Yes. The Staff would not object if a fund board determines to honor checks or redemption orders or not impose a liquidity fee if the fund can verify that the order was submitted to the fund’s agent before the suspension of redemptions or imposition of the liquidity fee. The Staff would not object if the fund relied on an endorsement or coding showing the time or date the check was received or on a postmark on an envelope for a redemption order.

When should a fund test to ensure that it meets the definition of a “government money market fund” as defined in rule 2a-7(a)(16)? (FAQ #32)

The Fund should test that it meets the definition of a “government money market” fund each time it acquires a portfolio security.

Are bank certificates of deposit, which are insured up to the $250,000 FDIC insurance limit, “government securities” for purposes of the definition of a government money market fund? (FAQ #34)
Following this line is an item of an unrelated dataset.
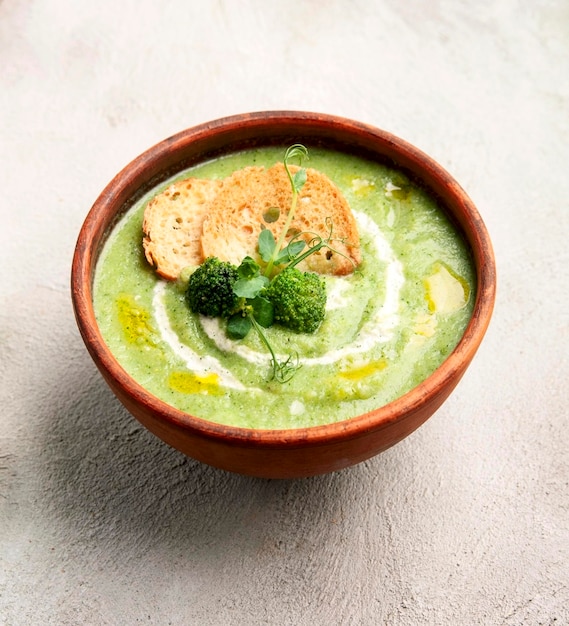 Sopa de purê de brócolis com bolachas e legumes frescos nas mesas Cozinha caseiraComida vegetariana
No. The Staff does not view FDIC-insured bank certificates as “government securities.”

In the Adopting Release, the Commission provided money market funds exemptive relief from sections 17, 18, and 22 of the Investment Company Act, allowing involuntary redemptions in the context of a one-time reorganization transaction designated to allow a fund to comply with the amendments. Is this relief also applicable to a one-time involuntary redemption in order to comply with the definition of retail money market fund in the absence of a specific reorganization transaction? (FAQ #36)

Yes. The staff would not object if a fund were to engage in an involuntary redemption of such shareholders, provided that the other requirements of the exemptive relief were followed (e.g., 60 days prior written notice).

Under the exemptive relief provided by the Commission in the Adopting Release, in connection with an involuntary redemption, may a money market fund exchange the redeemed shares for shares of another money market fund that maintains a stable NAV (such as a government money market fund), rather than sending the shareholder a check for the redemption proceeds? FAQ #37)

No. The investment risk and goals of the two funds may be different.

Does the exemptive relief from section 17, 18, and 22 of the Investment Company Act provided by the Commission in the Adopting Release also apply to reorganizing a single fund currently owned by both retail and institutional shareholders into two or more new funds, such as a retail fund and a government or floating NAV fund? (FAQ #39)

Yes.

If a money market fund is reorganizing into a separate retail fund (with a stable NAV) and institutional fund (with a fluctuating NAV) solely for purposes of the rule 2a-7 reforms, may both funds continue to include the original fund’s performance in their performance disclosures and marketing materials? (FAQ #46)

Yes.

***


[1]   See Investment Company Act Release No. IC-31166 (July 23, 2014) (the “Release”).